Start of DATA RECORDS

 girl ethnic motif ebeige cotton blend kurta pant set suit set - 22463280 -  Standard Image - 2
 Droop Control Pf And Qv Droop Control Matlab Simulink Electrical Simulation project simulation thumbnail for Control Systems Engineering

End of DATA RECORDS
Start of DATA RECORDS

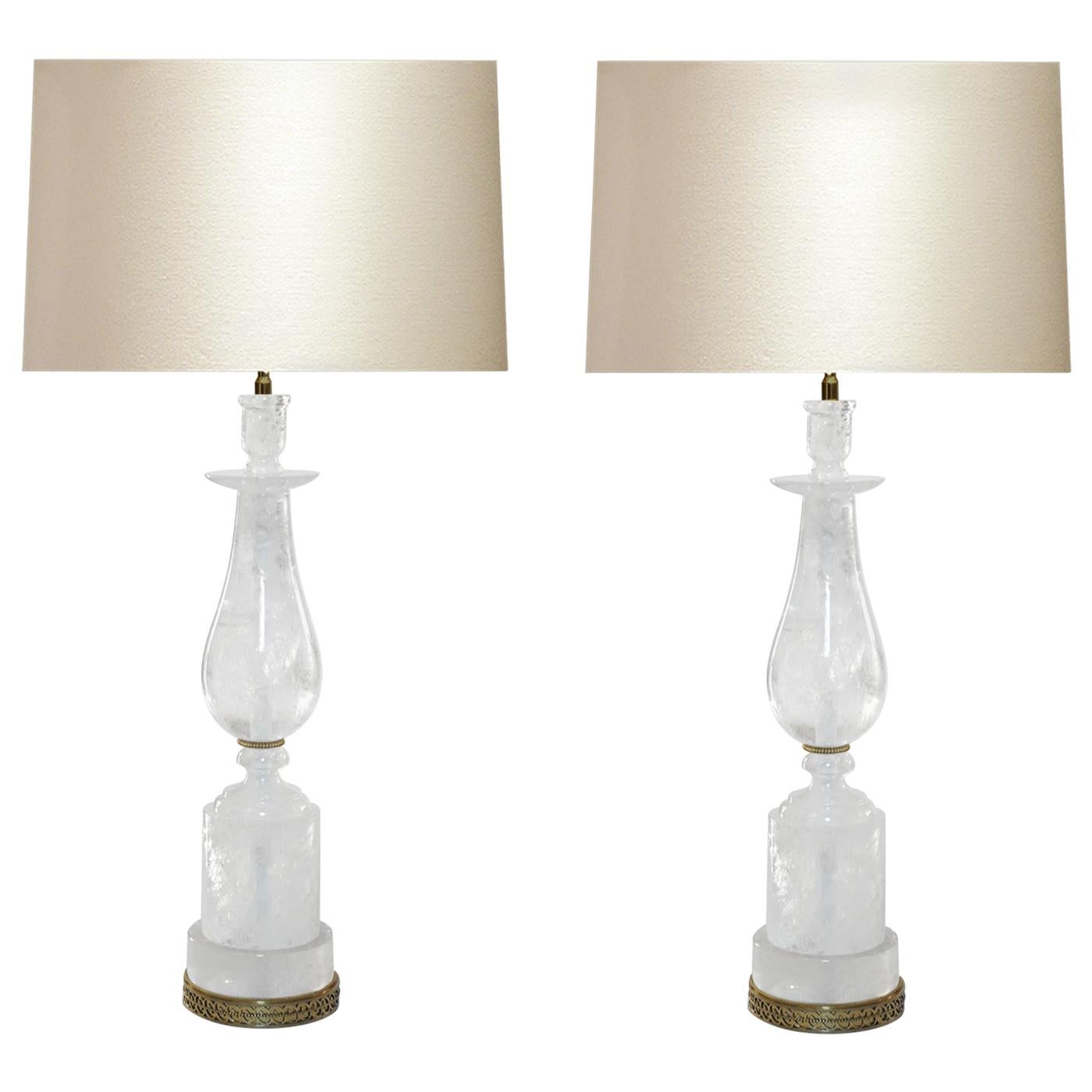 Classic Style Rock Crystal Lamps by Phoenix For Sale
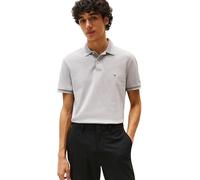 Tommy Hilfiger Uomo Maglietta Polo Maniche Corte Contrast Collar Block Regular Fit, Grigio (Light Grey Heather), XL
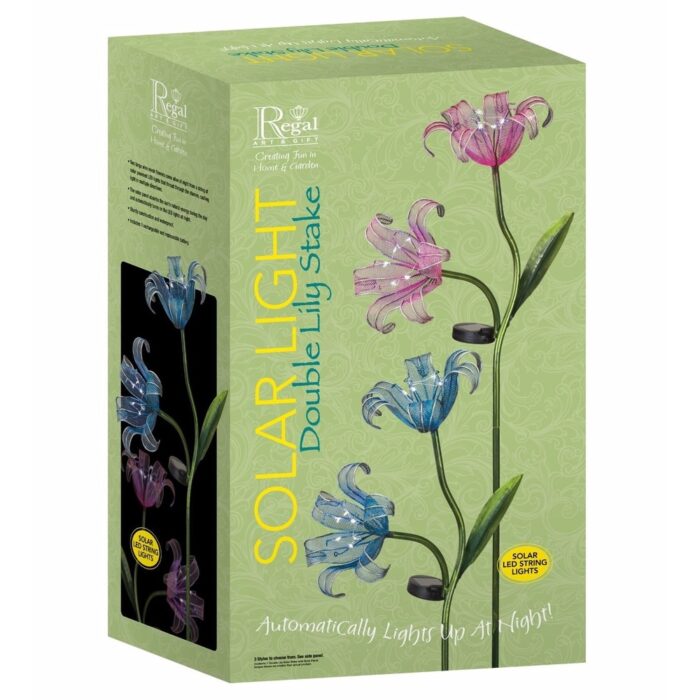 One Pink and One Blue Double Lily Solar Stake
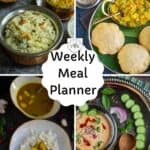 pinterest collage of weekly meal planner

End of DATA RECORDS

(TASK STATEMENT) A word-for-word copy of the lines above from the one with "girl ethnic motif" through the one with "Droop Control Pf", inclusive, is the only output wanted.

(TASK RESPONSE)
 girl ethnic motif ebeige cotton blend kurta pant set suit set - 22463280 -  Standard Image - 2
 Droop Control Pf And Qv Droop Control Matlab Simulink Electrical Simulation project simulation thumbnail for Control Systems Engineering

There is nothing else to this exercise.